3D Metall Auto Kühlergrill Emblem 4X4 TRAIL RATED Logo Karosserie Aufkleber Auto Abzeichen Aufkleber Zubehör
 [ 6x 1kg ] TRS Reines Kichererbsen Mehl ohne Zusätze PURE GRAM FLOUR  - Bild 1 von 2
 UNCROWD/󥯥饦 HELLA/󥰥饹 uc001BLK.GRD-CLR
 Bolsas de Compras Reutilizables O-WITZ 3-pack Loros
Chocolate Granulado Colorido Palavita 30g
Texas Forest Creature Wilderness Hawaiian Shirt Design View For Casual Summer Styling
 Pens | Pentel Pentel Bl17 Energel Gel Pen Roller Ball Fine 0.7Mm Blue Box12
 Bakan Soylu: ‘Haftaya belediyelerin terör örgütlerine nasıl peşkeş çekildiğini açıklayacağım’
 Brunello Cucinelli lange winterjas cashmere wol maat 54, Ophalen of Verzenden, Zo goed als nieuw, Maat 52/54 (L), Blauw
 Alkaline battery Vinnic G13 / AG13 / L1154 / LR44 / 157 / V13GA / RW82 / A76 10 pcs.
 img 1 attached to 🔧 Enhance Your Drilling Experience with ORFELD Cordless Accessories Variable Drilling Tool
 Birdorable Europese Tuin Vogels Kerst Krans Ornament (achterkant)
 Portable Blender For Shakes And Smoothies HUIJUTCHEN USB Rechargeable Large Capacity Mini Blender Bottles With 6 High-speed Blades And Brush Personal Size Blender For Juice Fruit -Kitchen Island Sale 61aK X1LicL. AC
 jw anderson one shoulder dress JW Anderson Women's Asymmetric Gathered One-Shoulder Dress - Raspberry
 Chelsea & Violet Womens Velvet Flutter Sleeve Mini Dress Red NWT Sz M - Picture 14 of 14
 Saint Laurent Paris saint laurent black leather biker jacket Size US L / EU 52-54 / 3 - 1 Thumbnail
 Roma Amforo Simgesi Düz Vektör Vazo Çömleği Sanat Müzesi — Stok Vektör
____________
Beginning with the opening line above, retype the records exactly through the line with "Pens | Pentel", both ends included.

3D Metall Auto Kühlergrill Emblem 4X4 TRAIL RATED Logo Karosserie Aufkleber Auto Abzeichen Aufkleber Zubehör
 [ 6x 1kg ] TRS Reines Kichererbsen Mehl ohne Zusätze PURE GRAM FLOUR  - Bild 1 von 2
 UNCROWD/󥯥饦 HELLA/󥰥饹 uc001BLK.GRD-CLR
 Bolsas de Compras Reutilizables O-WITZ 3-pack Loros
Chocolate Granulado Colorido Palavita 30g
Texas Forest Creature Wilderness Hawaiian Shirt Design View For Casual Summer Styling
 Pens | Pentel Pentel Bl17 Energel Gel Pen Roller Ball Fine 0.7Mm Blue Box12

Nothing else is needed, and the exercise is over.